30.3 Declaring Dependencies: Depends, Suggests, Imports

List all dependencies in the DESCRIPTION file. Every package that is used by your package’s code must appear in exactly one of the sections Depends, Imports, or Suggests.

Please list packages in alphabetical order within each section. R doesn’t care about the order, but you will later when you’re trying to check whether this package uses a particular dependency.

  • Imports is the correct place to declare most PEcAn dependencies. This ensures that they get installed, but does not automatically import any of their functions – Since PEcAn style prefers to mostly use :: instead of importing, this is what we want.

  • Depends is, despite the name, usually the wrong place to declare PEcAn dependencies. The only difference between Depends and Imports is that when the user attaches your packages to their own R workspace (e.g. using library("PEcAn.yourpkg")), the packages in Depends are attached as well. Notice that a call like PEcAn.yourpkg::yourfun() will not attach your package or its dependencies, so your code still needs to import or ::-qualify all functions from packages listed in Depends. In short, Depends is not a shortcut, is for user convenience not developer convenience, and makes it easy to create subtle bugs that appear to work during interactive test sessions but fail when run from scripts. As the R extensions manual puts it (emphasis added):

    This [Imports and Depends] scheme was developed before all packages had namespaces (R 2.14.0 in October 2011), and good practice changed once that was in place. Field ‘Depends’ should nowadays be used rarely, only for packages which are intended to be put on the search path to make their facilities available to the end user (and not to the package itself)."

  • The Suggests field can be used to declare dependencies on packages that make your package more useful but are not completely essential. Again from the R extensions manual:

    The Suggests field uses the same syntax as Depends and lists packages that are not necessarily needed. This includes packages used only in examples, tests or vignettes (see Writing package vignettes), and packages loaded in the body of functions. E.g., suppose an example from package foo uses a dataset from package bar. Then it is not necessary to have bar use foo unless one wants to execute all the examples/tests/vignettes: it is useful to have bar, but not necessary.

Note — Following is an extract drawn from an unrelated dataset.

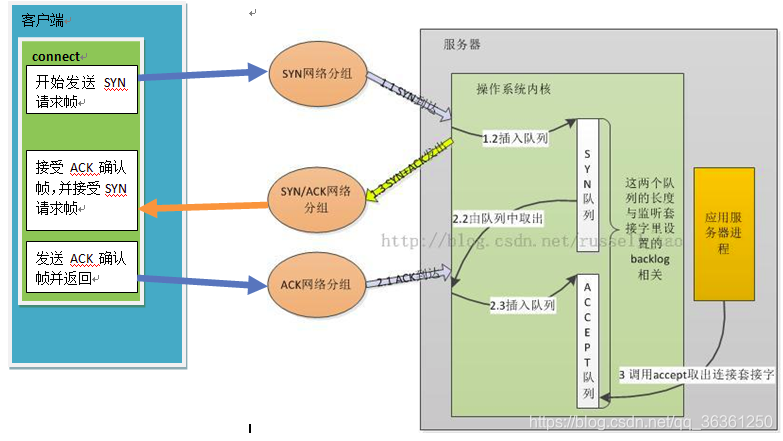 在這裡插入圖片描述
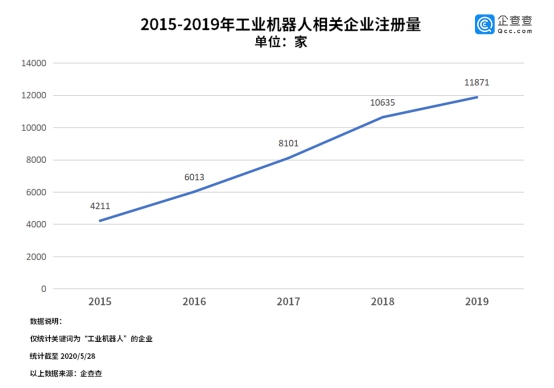 “无人经济”迎来新风口 专家:或可产生就业新契机(图2) “无人经济”迎来新风口 专家:或可产生就业新契机(图2)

    Some of the PEcAn model interface packages push this definition of “not necessarily needed” by declaring their coupled model package in Suggests rather than Imports. For example, the PEcAn.BIOCRO package cannot do anything useful when the BioCro model is not installed, but it lists BioCro in Suggests because PEcAn as a whole can work without it. This is a compromise to simplify installation of PEcAn for users who only plan to use a few models, so that they can avoid the bother of installing BioCro if they only plan to run, say, SIPNET.

    Since the point of Suggests is that they are allowed to be missing, all code that uses a suggested package must behave reasonably when the package is not found. Depending on the situation, “reasonably” could mean checking whether the package is available and throwing an error as needed (PEcAn.BIOCRO uses its .onLoad function to check at load time whether BioCro is installed and will refuse to load if it is not), or providing an alternative behavior (PEcAn.data.atmosphere::get_NARR_thredds checks at call time for either parallel or doParallel and uses whichever one it finds first), or something else, but your code should never just assume that the suggested package is available.

    You are not allowed to import functions from Suggests into your package’s namespace, so always call them in ::-qualified form. By default R will not install suggested packages when your package is installed, but users can change this using the dependencies argument of install.packages. Note that for testing on Travis CI, PEcAn does install all Suggests (because they are required for full package checks), so any of your code that runs when a suggested package is not available will never be exercised by Travis checks.

    It is often tempting to move a dependency from Imports to Suggests because it is a hassle to install (large, hard to compile, no longer available from CRAN, currently broken on GitHub, etc), in the hopes that this will isolate the rest of PEcAn from the troublesome dependency. This helps for some cases, but fails for two very common ones: It does not reduce install time for CI builds, because all suggested packages need to be present when running full package checks (R CMD check or devtools::check or make check). It also does not prevent breakage when updating PEcAn via make install, because devtools::install_deps does not install suggested packages that are missing but does try to upgrade any that are already installed to the newest available version – even if the installed version took ages to compile and would have worked just fine!